*Your assignment*:
With the pictures excluded, retype the records that follow exactly.

■ ■ ■ ■

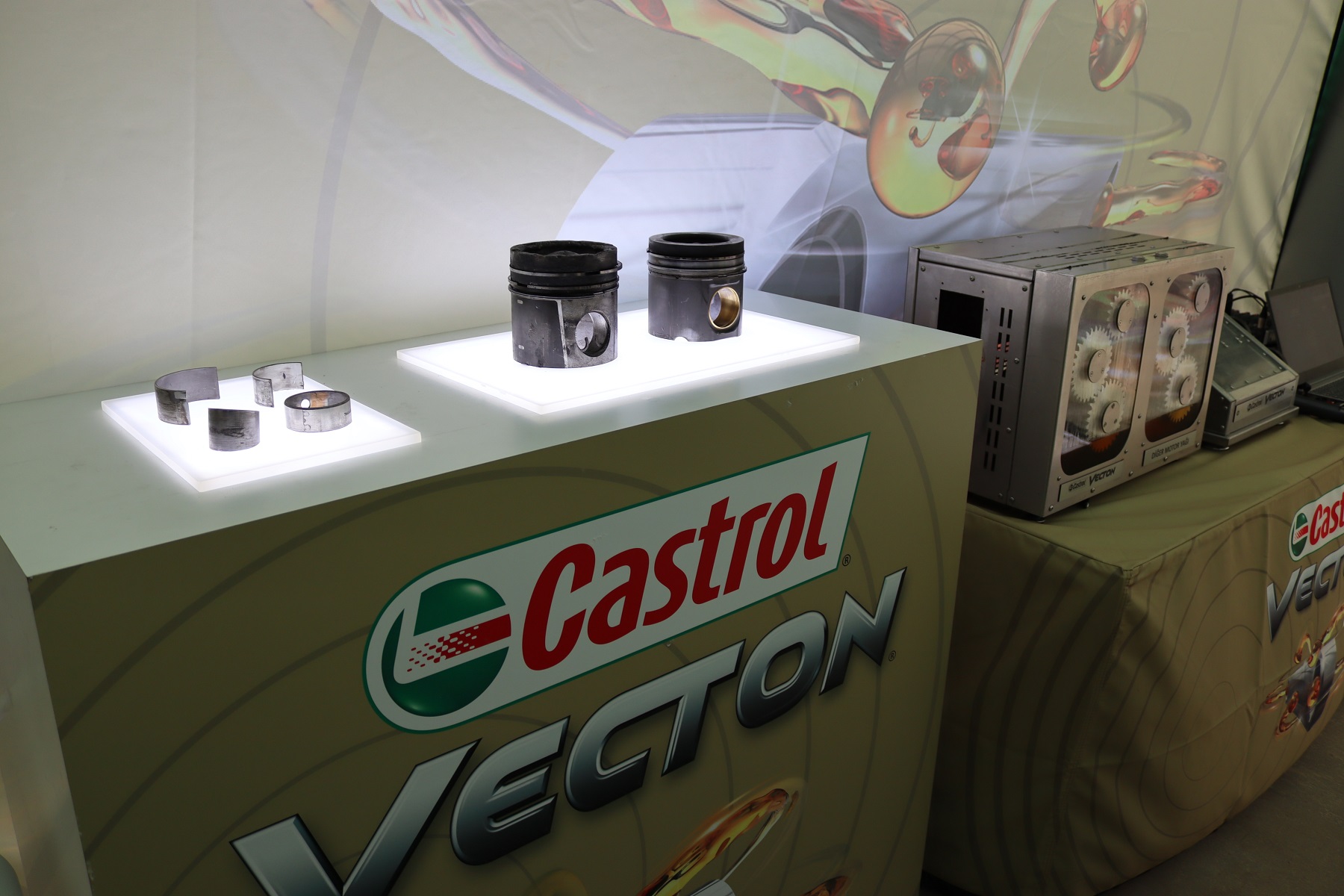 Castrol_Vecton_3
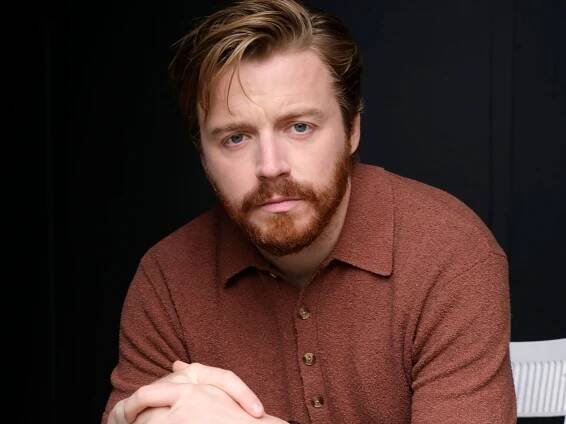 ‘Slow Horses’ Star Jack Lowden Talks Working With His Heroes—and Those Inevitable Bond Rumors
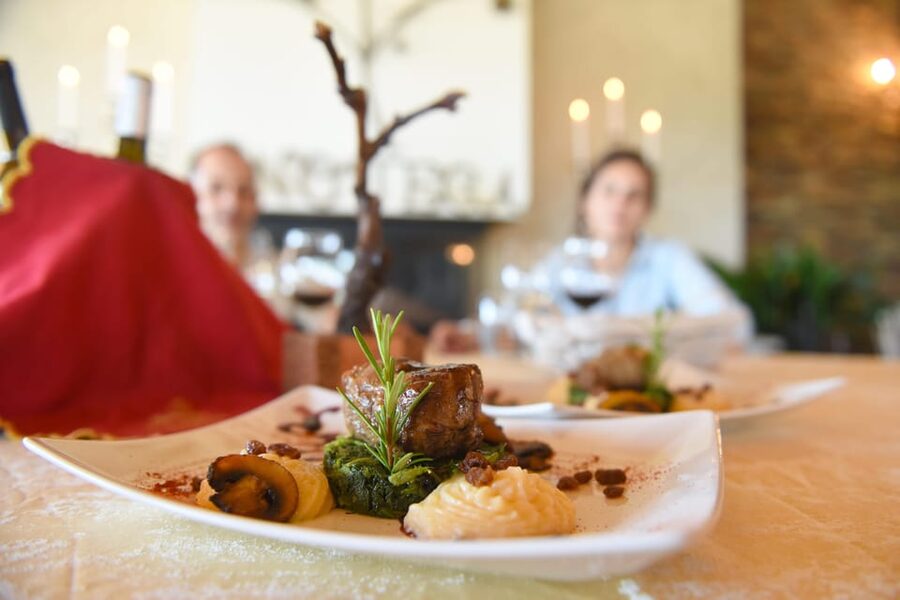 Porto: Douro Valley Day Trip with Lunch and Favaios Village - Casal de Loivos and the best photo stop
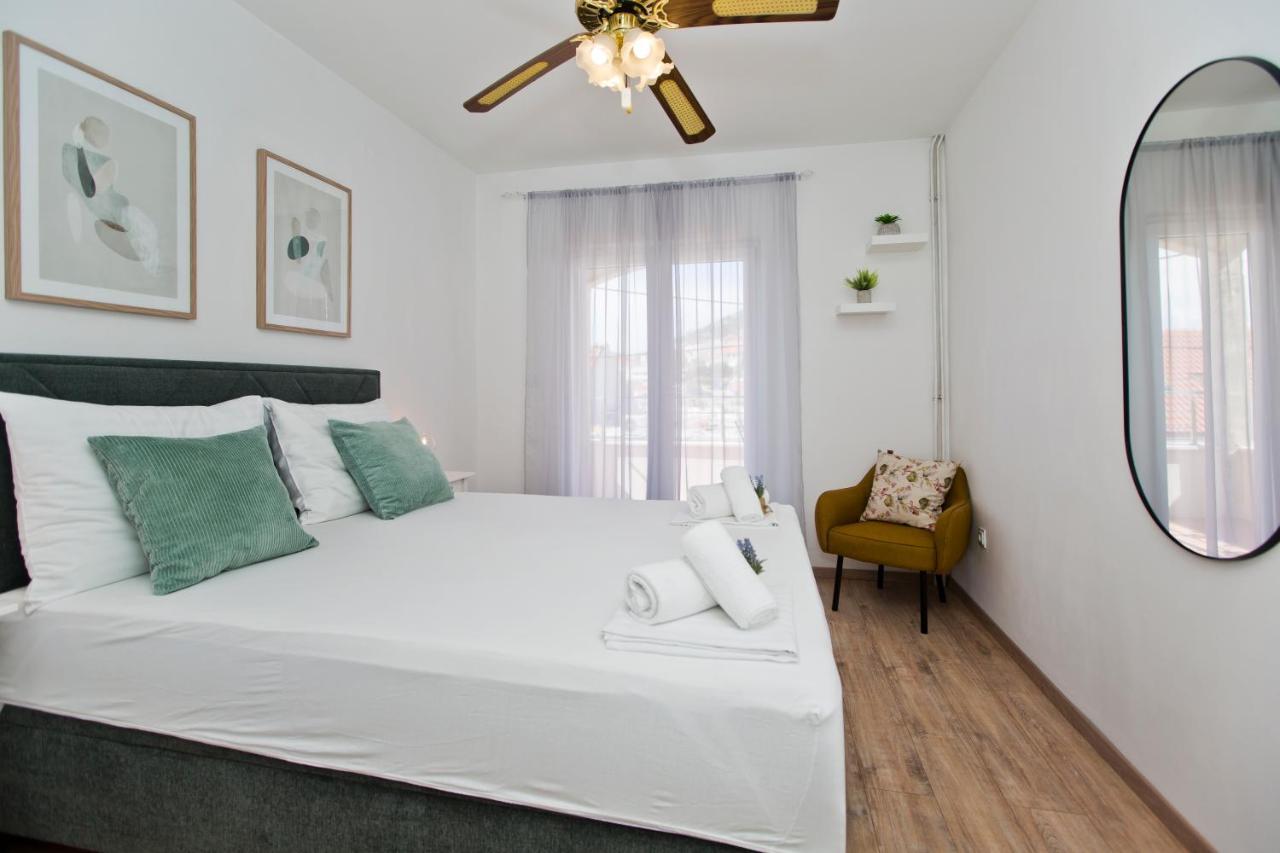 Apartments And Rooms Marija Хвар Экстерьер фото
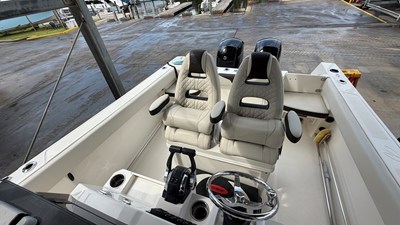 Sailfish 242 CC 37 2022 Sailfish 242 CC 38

■ ■ ■ ■

*Task response*:
 Castrol_Vecton_3
 ‘Slow Horses’ Star Jack Lowden Talks Working With His Heroes—and Those Inevitable Bond Rumors
 Porto: Douro Valley Day Trip with Lunch and Favaios Village - Casal de Loivos and the best photo stop
 Apartments And Rooms Marija Хвар Экстерьер фото
 Sailfish 242 CC 37 2022 Sailfish 242 CC 38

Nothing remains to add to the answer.